The company has taken advantage of renewed demand for solar electricity systems, which Thornton says began during 2007 after Al Gore released his film warning of climate change, An Inconvenient Truth. The company started in 1999 and now turns over $71 million per year.
So if demand is so high, why has Thornton described the past few years as a "nightmare"?
"Growing the company has been a nightmare, because in a way we are creating an industry. We deliver 25% of solar systems in the market, we're the largest supplier by double, and challenges have included finding people to hire who simply don't exist."
"There is no single entity to recruit from, and we've had to invest, train them and do that very, very quickly. And with no one to follow, the industry sort of watches us, and whenever we do something right that rolls on, and whenever we make a mistake it's avoided."
Using the Government
Solar Shop was given a massive boost when the Federal Government increased its rebate for households to install solar electricity systems.
And while Thornton freely admits the business must be ready to stand on its own when the rebates disappear, he says the company has positioned itself in a market with a huge prospective customer base that will see it operating for years.
"That assistance is designed to get us to a point where the industry can stand on its own. The Government has been intelligent, and has recognised that between 2015-17 renewable energy will be cheaper than standard grid electricity."
"You build an industry over time, and our market is huge... Australia has one of the best environments for solar, and one of the lowest solar penetration rates."
Thornton says there will be a point in the next few years when electricity from solar panels becomes just as cheap as traditionally delivered methods, and the business will explode. But until then, having the Government deliver financial assistance to customers has been a double-edged sword.
"From a cash perspective, managing those issues has been tricky. Over time with certain rebates and tariffs, the Government owes you quite a substantial amount of money. The rebates have changed now, but in previous years they take anywhere from 90 to 120 days to pay and that presents cashflow challenges."
Generate your success
Thornton says customer demand will kick in when government assistance disappears, as customers will be lured in by the prospect of reducing, or completely eliminating, their electricity bills.
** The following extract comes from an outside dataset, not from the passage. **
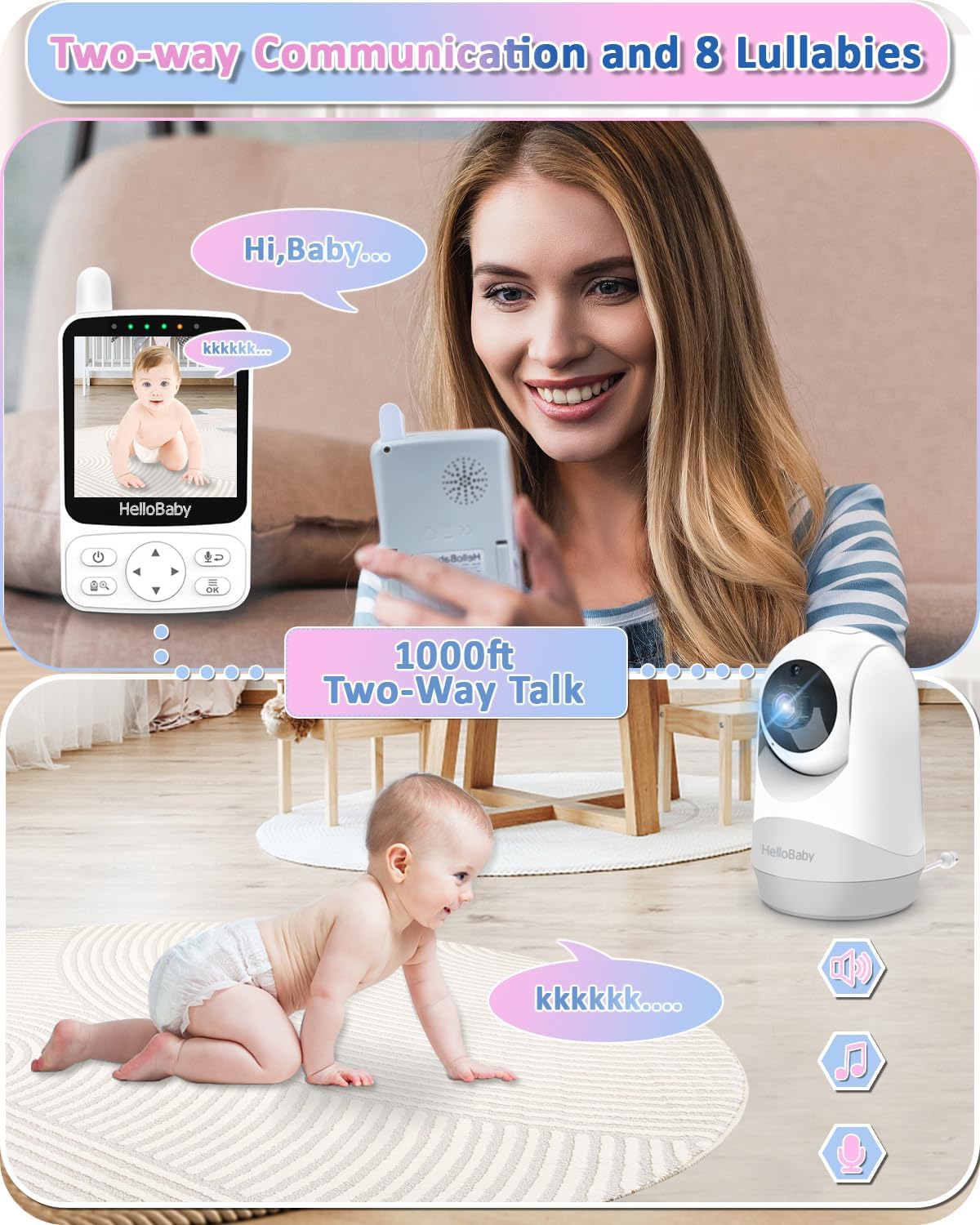 HB6240 Babyphone mit Kamera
"The industry has been driven by attention from the Government and economic viability. People's attitudes have changed, they want to reduce electricity bills and help the environment, and we fit in that space."
But the promise of reducing electricity hasn't been the company's only drawcard. It says the ability for customers to generate their own income from solar panels has soon a surge in activity.
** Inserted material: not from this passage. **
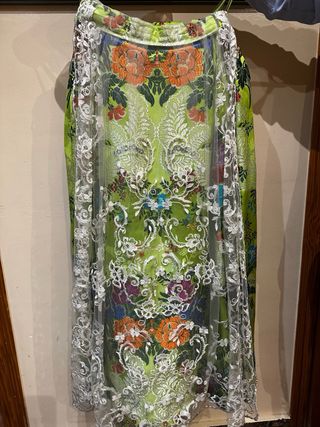 Traje Fallera Niña Verde Multicolor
"There are people using solar as an investment just to generate income. There was one customer who purchased 15kw worth of panels, when he only needed 5kw to run his house. He's putting electricity into the grid and earning an actual income from utilities."
Some might say giving your customers a revenue-generating product is a dead-end, but Thornton says the market is completely untapped and demand will last for decades.
"You have to keep in mind that less than 1% of homes of a solar system. It's a product that does pay for itself, and payback times range from seven to eight years, and if you generate enough electricity then you generate income, and there is a lot of demand for that."
As the company grows, Thornton says the business will face more problems.
"Going from a staff of 12 to hundreds over two years was hard. We say you're only a new person for a day, because there are so many people coming in. It's hard to create a culture, and it requires a whole amount of focus."
"I suppose that will be the biggest challenge, creating a culture and getting close to customers. We need to educate the market, engage regional markets and answer a lot of questions. We'll improve the website, keeping having information nights and keep giving out details about why to go solar."
Thornton says the company hopes to have 10% of Australian households installed with solar panels by 2020 - leaving it with plenty of room to move.